Yesterday, representatives for several local hotel chains dropped a lawsuit blocking the city’s sale of property near the Basilica of St. Lawrence to the McKibbon Hotel Group. According to interim City Attorney Martha Walker-McGlohon, the plaintiffs gave no reason for dropping the suit, and retained the right to sue over the matter again in the future.
“The lawsuit was dropped, or dismissed, without prejudice, which means it can be brought again within a one-year timeframe,” she tells Xpress.
According to Walker-McGlohon, other than that possibility, there are no other legal challenges to McKibbon if the company wants to proceed with its plans to buy the property from the city and build a high-end hotel on the site.
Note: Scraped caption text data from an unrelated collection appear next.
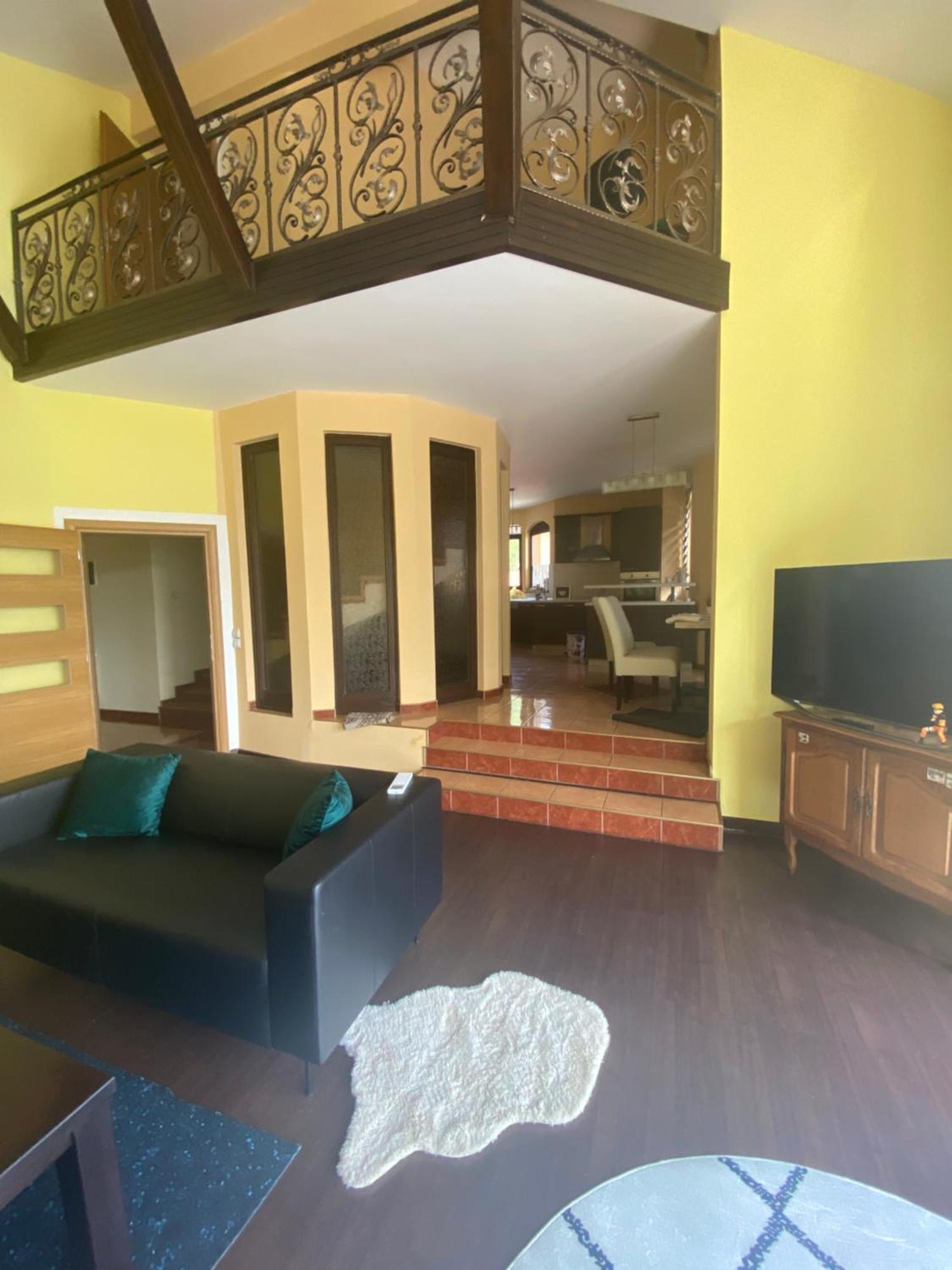 Villa Sun Visoko Exterior photo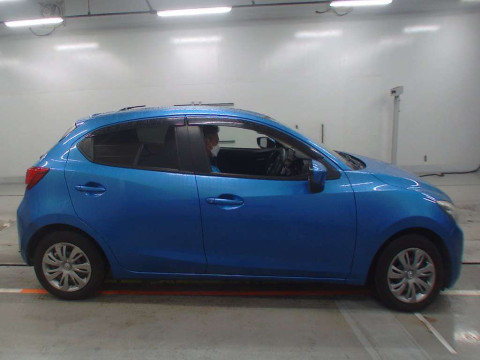 2014 Mazda Demio DJ3FS[2]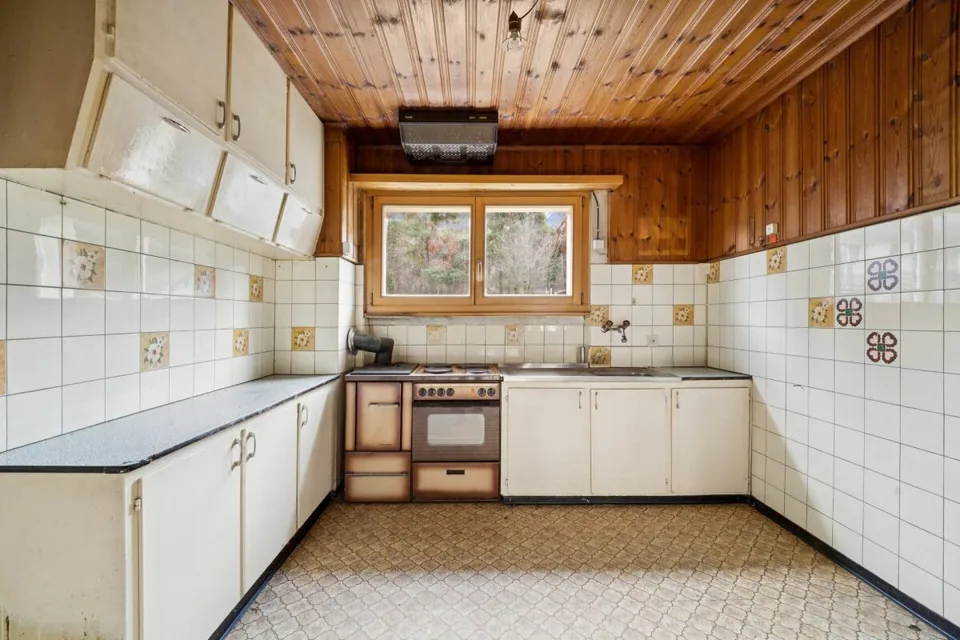 Doppeleinfamilienhaus mit viel (Ausbau-) Potenzial an sonniger Lage in Leuk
Asheville City Council’s approval of the sale last September was controversial, with a split vote and critics asserting the city should instead sell the land to the Basilica or convert it into a park. Plaintiffs in the lawsuit — including the owners of Four Points, Hotel Indigo and the Renaissance — claimed that the deal amounted to subsidizing their competition; the group of hoteliers sued in March.
McKibbon should have counter-sued for interference. 99% of the judges in this country would find a suit from competitors trying to stop added supply laughable.
Except that the hoteliers were not suing McKibbon. They were suing the city for failing to sell the property in an open, competitive process, denying taxpayers a full, fair return on the property’s sale.